> _TASK ITEM_: Pictures stay out. Extract the lines below from the first one through the line with "Borne Extérieure Stark", both included.

> _DATASET CONTENT_:
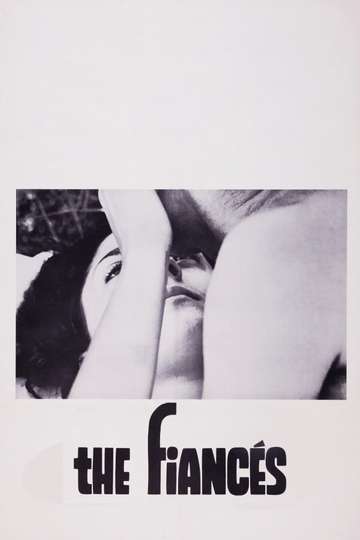 The Fiancés Poster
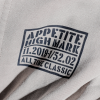 Худи Appetite High Mark Visibility app25-vishd-sb (silver  beige)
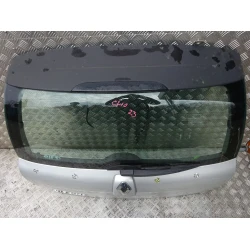BOOT DOOR COMPLETE Renault CLIO II 2008 1.2 STORIA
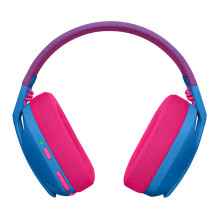 „Logitech G 981-001062“ ausinės „Logitech G 981-001062“ ausinės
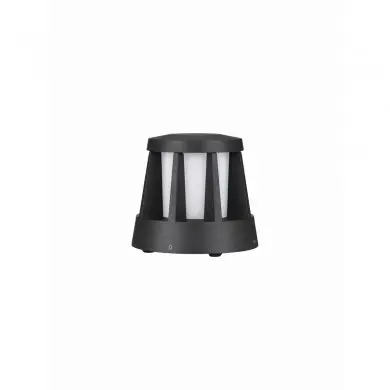 Borne Extérieure Stark 8,2W LED Anthracite NOVA LUCE 9492660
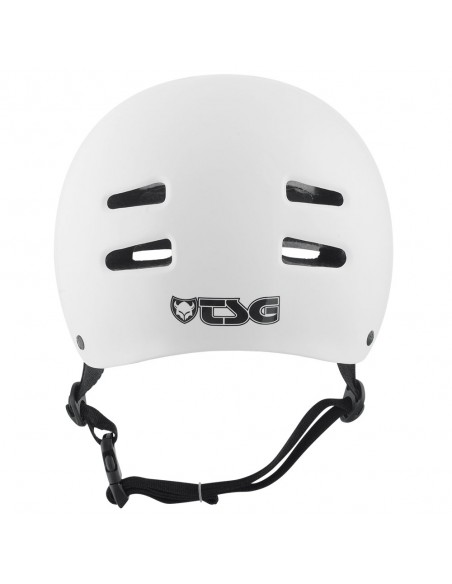 Comprar tsg helmet skate/bmx injected white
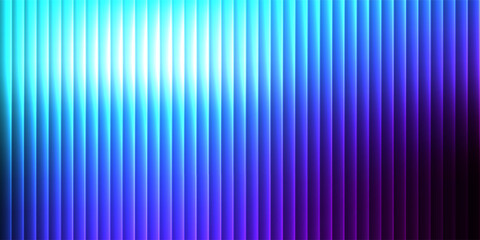 Abstract blurred background image of blue colors gradient used as an illustration. Eps 10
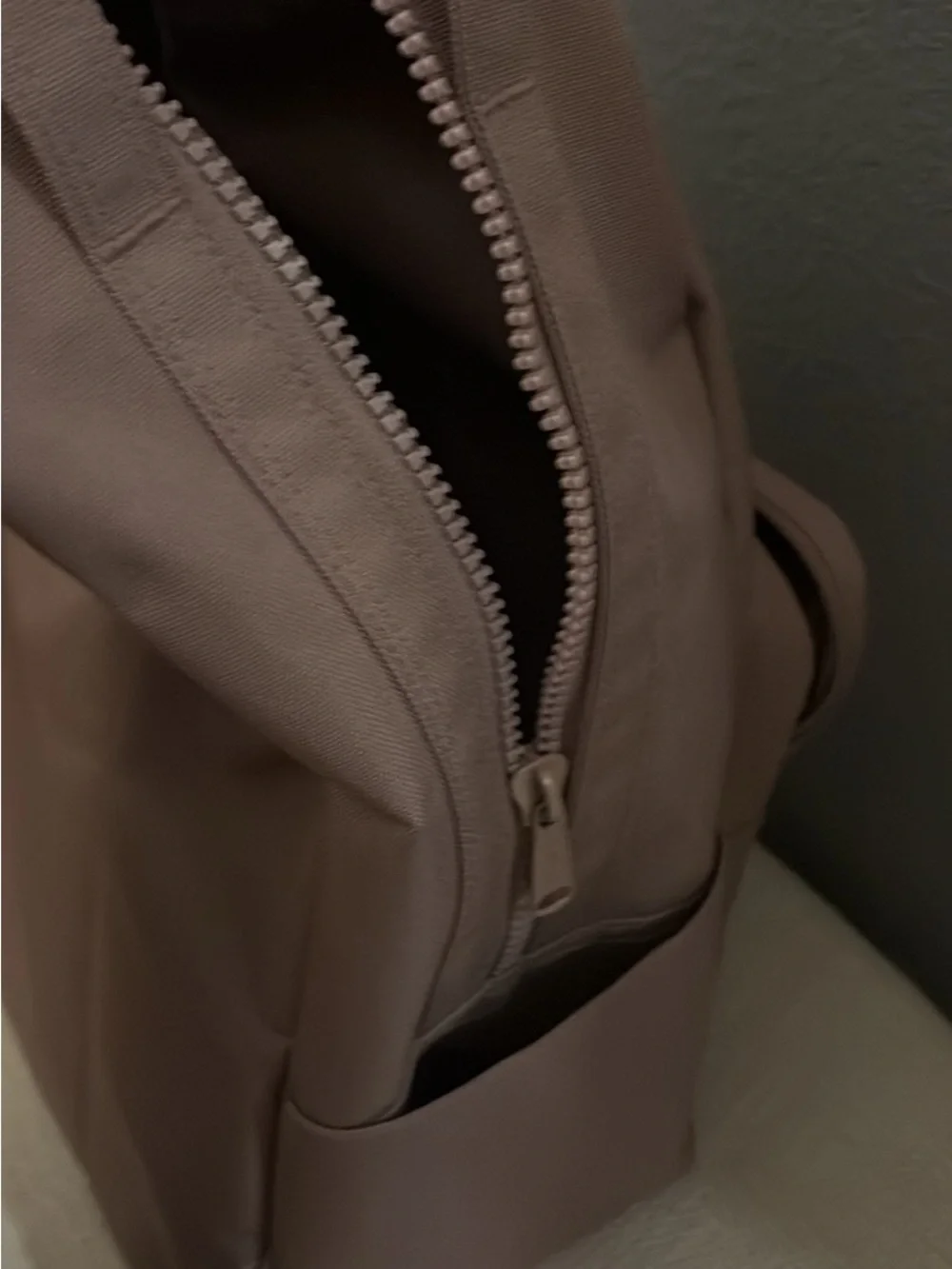 Herschel Supply Company Heritage Backpack in Dusty Rose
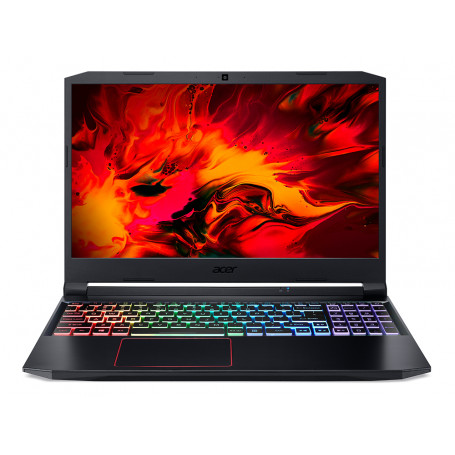 ACER AN515-55-52RT NH.Q7QET.0 NOTEBOOK I5-10300H RAM 16GB SSD512GB GF RTX 2060 DI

> _REPLY TO THE EXERCISE_:
 The Fiancés Poster
 Худи Appetite High Mark Visibility app25-vishd-sb (silver  beige)
BOOT DOOR COMPLETE Renault CLIO II 2008 1.2 STORIA
 „Logitech G 981-001062“ ausinės „Logitech G 981-001062“ ausinės
 Borne Extérieure Stark 8,2W LED Anthracite NOVA LUCE 9492660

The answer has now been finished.